It is time to look at at energy companies? I know may people would say oil and gas production companies are not solid dividend stocks but do they represent a good value. Oil is down around 20% from its high on July 3 and as oil has pulled back, energy stocks have dropped. This week, the S&P 500 energy sector dropped into bear market territory after declining more than 20% from its record highs in May.

As the world’s population increases, the United Nations projects 8 billion people by 2025, up from 6.6 billion today, it is also growing richer. Even in emerging markets, people are consuming more food and energy. China’s 1.3 billion people and India's 1.1 billion are moving towards middle class lifestyles and using more gasoline fueled vehicles and electric gadgets similar to developed nations.
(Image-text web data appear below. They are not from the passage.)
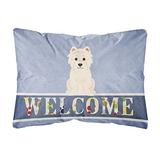 Caroline's Treasures BB5623PW1216 Westie Welcome Canvas Fabric Decorative Pillow, 12H x16W, Multicol screenshot. Pillows directory of Bedding.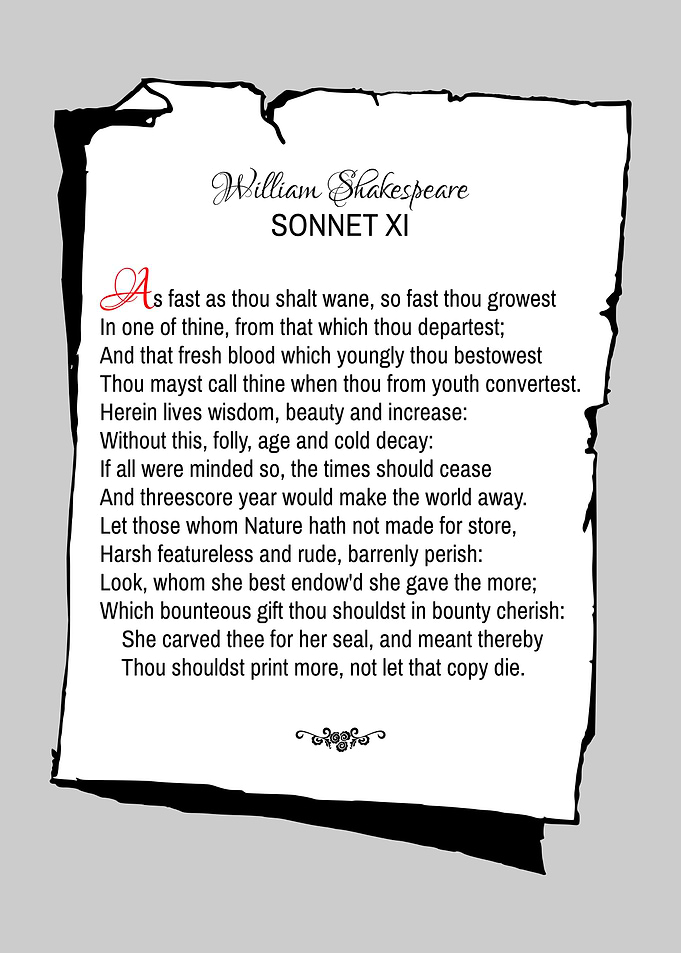 Shakespeare Sonnet 11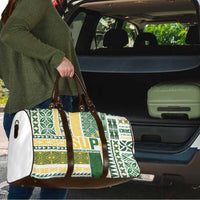 Samoa Uniting Party Travel Bag SUP Est 2025 Siapo Pattern - Polynesian Pride
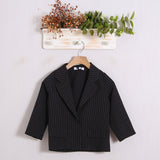 Jacke mit Nadelstreifen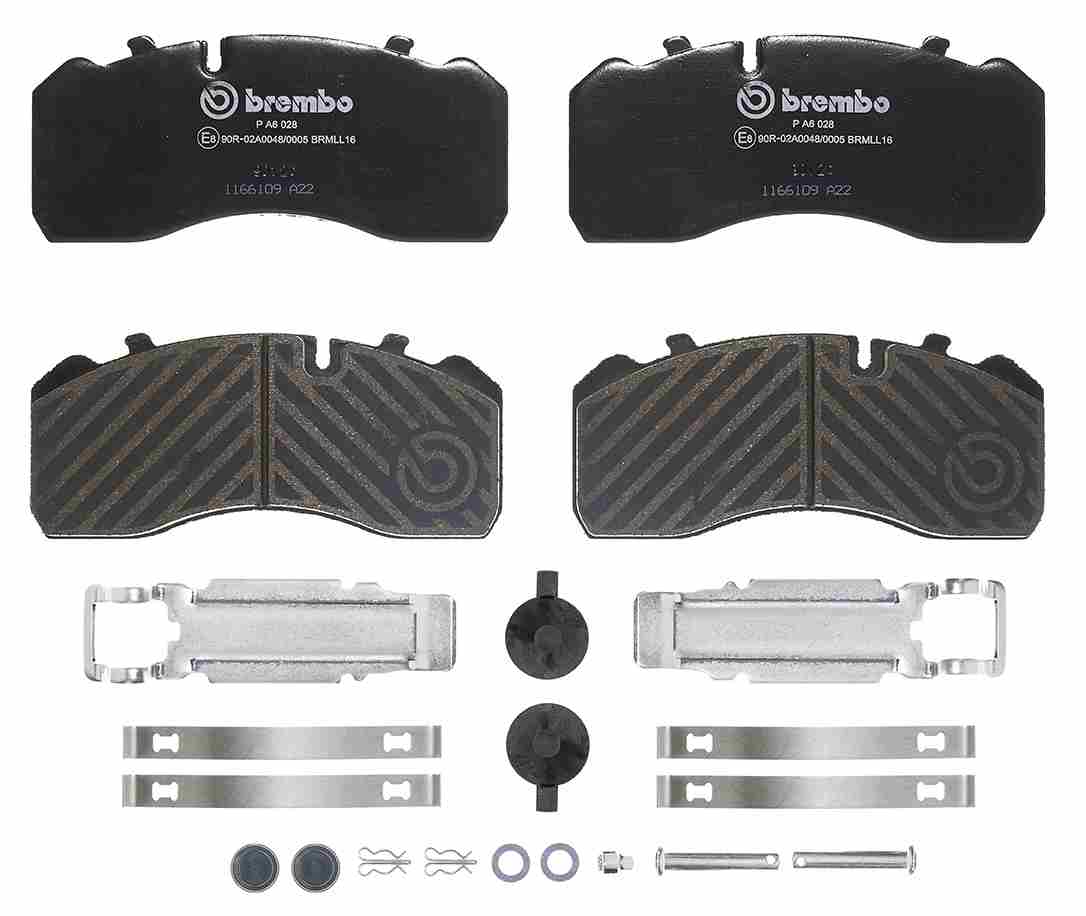 BREMBO P A6 028 PRIME LINE Bremsbelagsatz, Scheibenbremse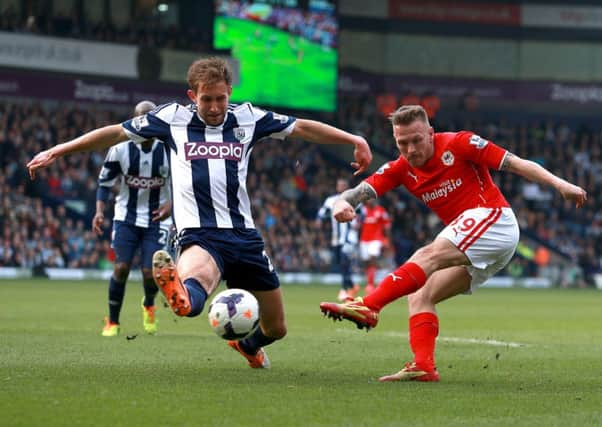 Craig Dawson in action for West Brom against Cardiff City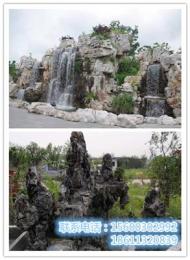 山西省忻州市生态农庄景观假山假树设计施工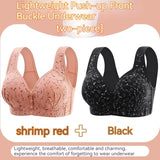 INTIMO SECRETS Women’s Floral Wireless Bra – Breathable Comfortable Front-Button Traceless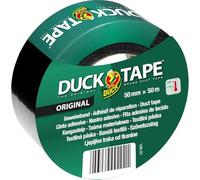 DUCK TAPE original 106-01 - Bande adhésive de tissu - Pour réparer, fixer et renforcer - Dimensions : 50mm x 50m - Couleur noir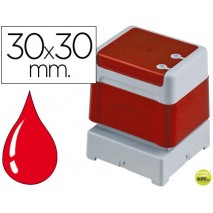 SELLO AUTOMATICO BROTHER 30 MM X 30 MM ROJO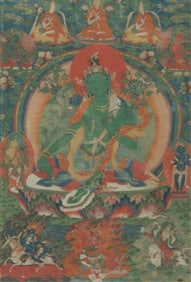 Eastern Tibetan Thangka of Syamatara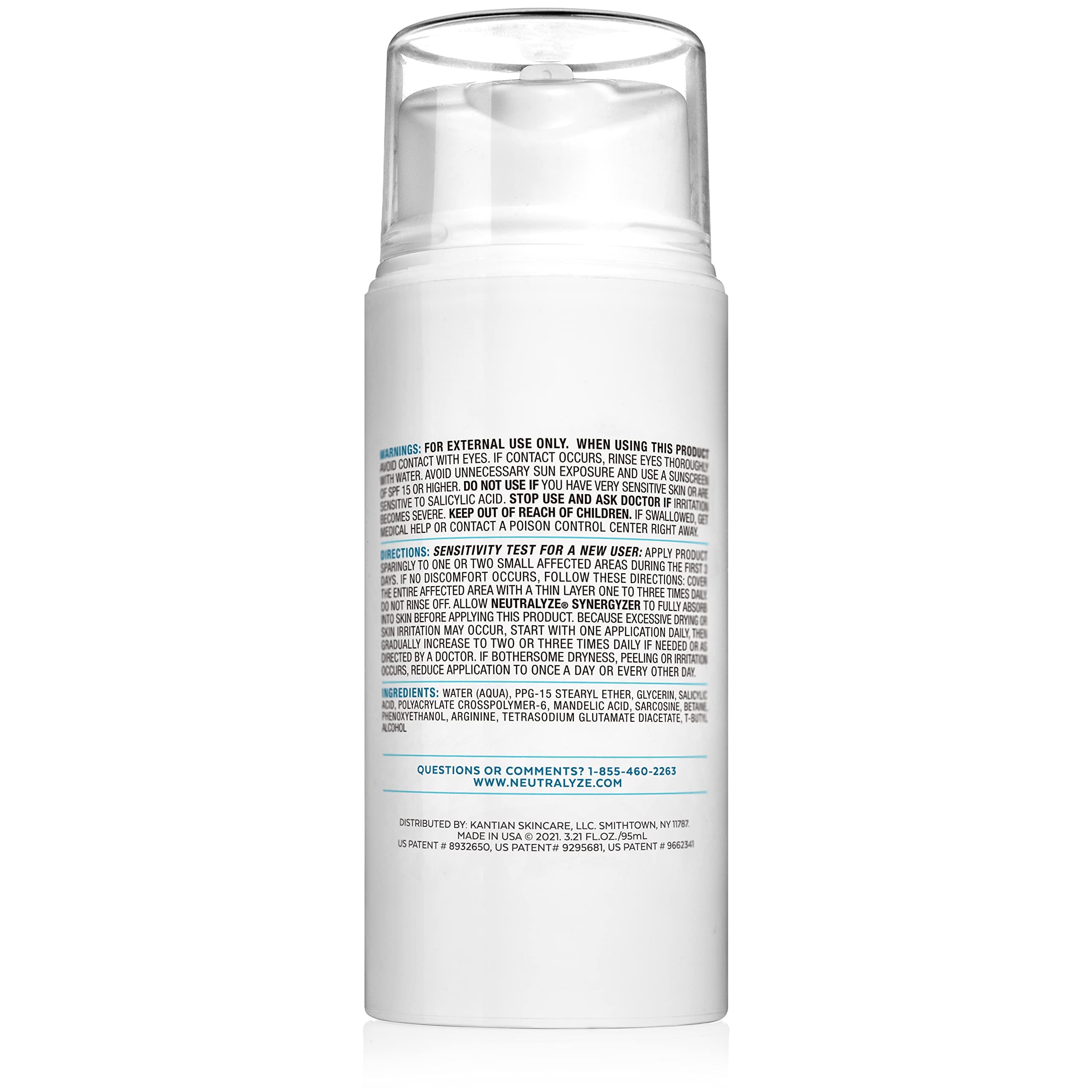 Neutralyze Renewal Complex mandelic-acid 2percent panel emphasizing gentle exfoliation.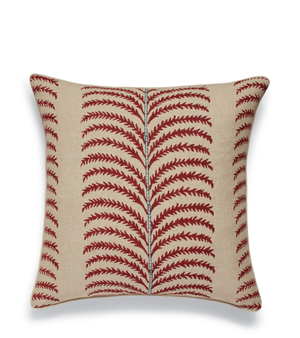 Areca Cushion Cover - Blood Orange/Air Force Blue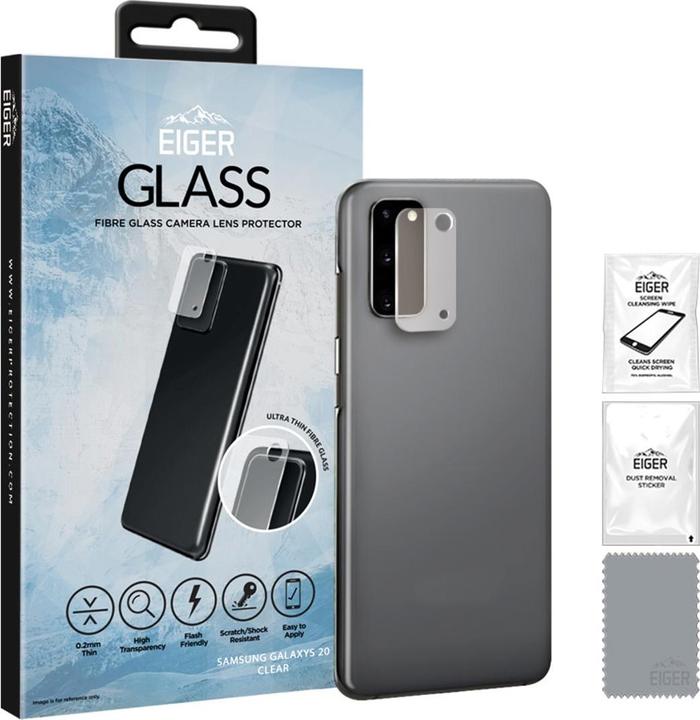 Actual product image Eiger Mountain Glass Lens (1 Piece, Samsung Galaxy S20)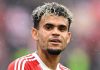 Luis Diaz dalam penampilan debut untuk Bayern Munchen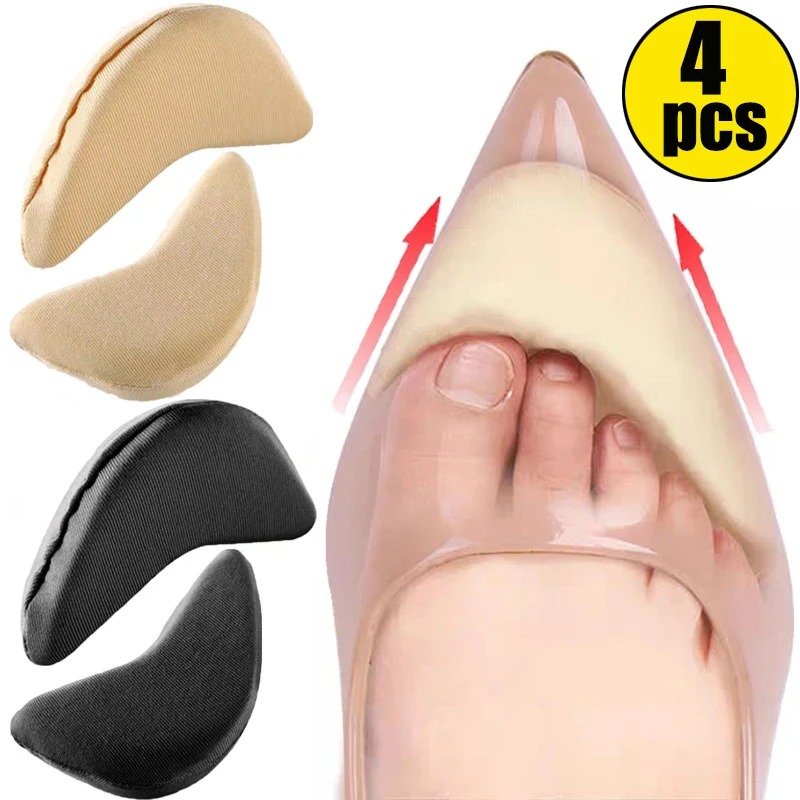 Spons Voorvoet Insert Pads Vrouwen Pijnbestrijding Hoge Hak Inlegzolen Verminder Schoenmaat Filler Protector Richter Schoenaccessoires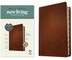 NLT Thinline Reference Bible, Filament Enabled Edition (Red Letter, Genuine Leather, Brown, Indexed)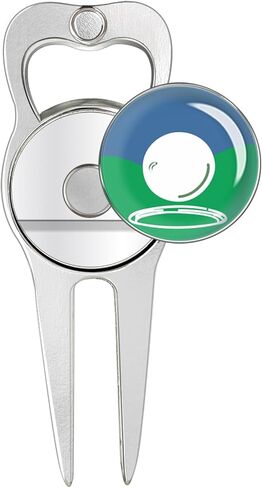 Golf Divot Repair Tool with Funny Magnetic Ball Marker & Bottle Opener,5-in-1,Hold in The Club,Black in Saudi Arabia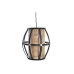 Φωτιστικό Οροφής DKD Home Decor Καφέ Μαύρο Bamboo 50 W 34 x 34 x 35 cm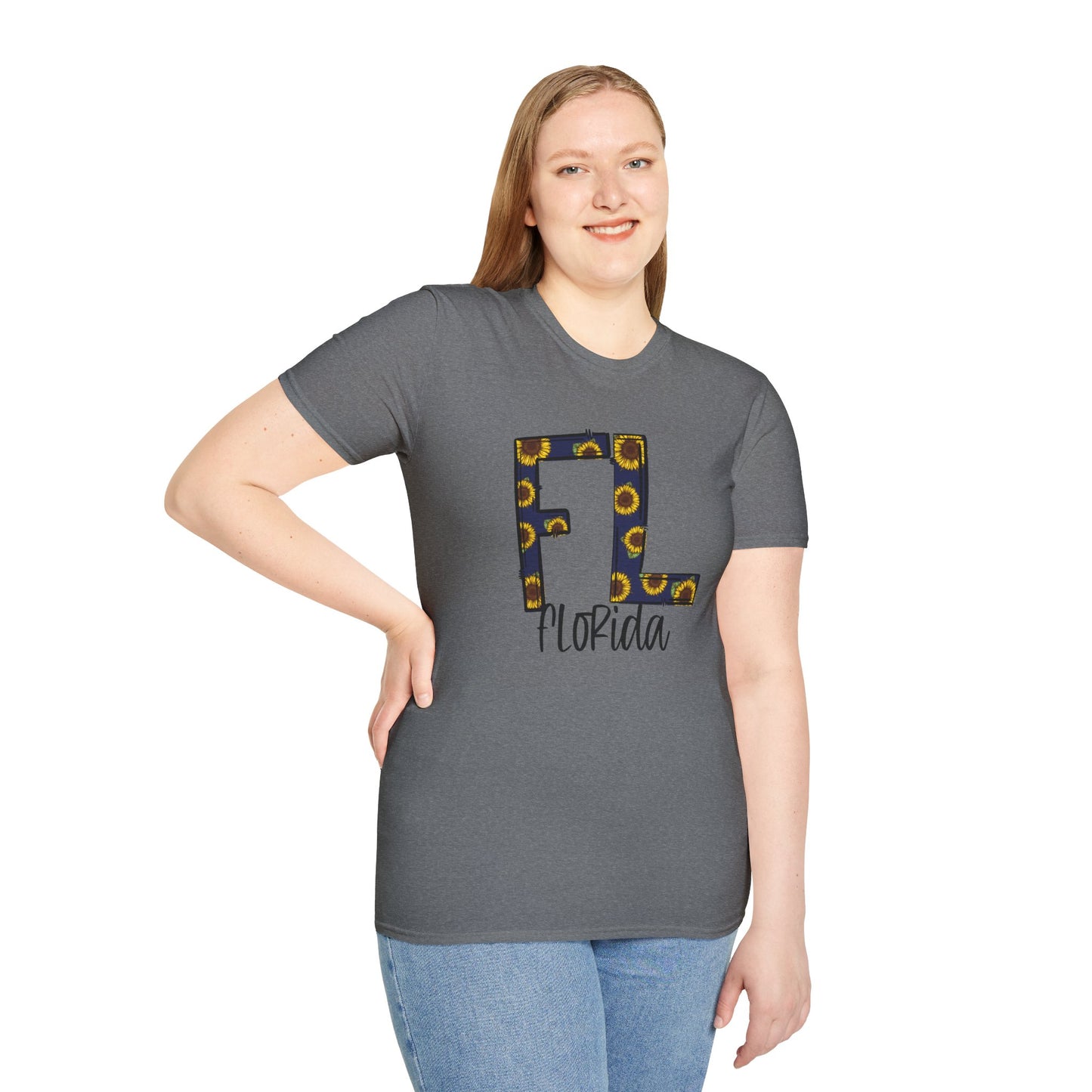 Florida Sunshine Unisex Softstyle T-Shirt, Florida T-Shirt, Graphic Tee, Summer Outfit, Gift for Floridians, Vacation Wear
I don't see any energy plans being proposed by world leaders that will eliminate the use of oil and gas over the next 10 to 15 years. I currently hold shares of Exxon Mobil but I am also adding another oil and gas production company as a hedge against raising oil and gas prices over the next few years.

My Pick: Devon Energy (DVN)
DVN is one of the largest independent US exploration and production companies primarily engaged in the exploration, development and production of oil and natural gas. DVN has been selling international assets with lower growth prospects to focus on higher growth assets such as Barnett Shale in Texas.The stock currently pays a dividend of .71% and the stock is trading for around $90 share which is down from its July 2 high of $127.43.

S&P rates DVN a 4 star buy rating and gives the firm an A- for quality ranking. They also have a 12 month target price of $137.

Disclose: The Div Guy owns shares of XOM and DVN.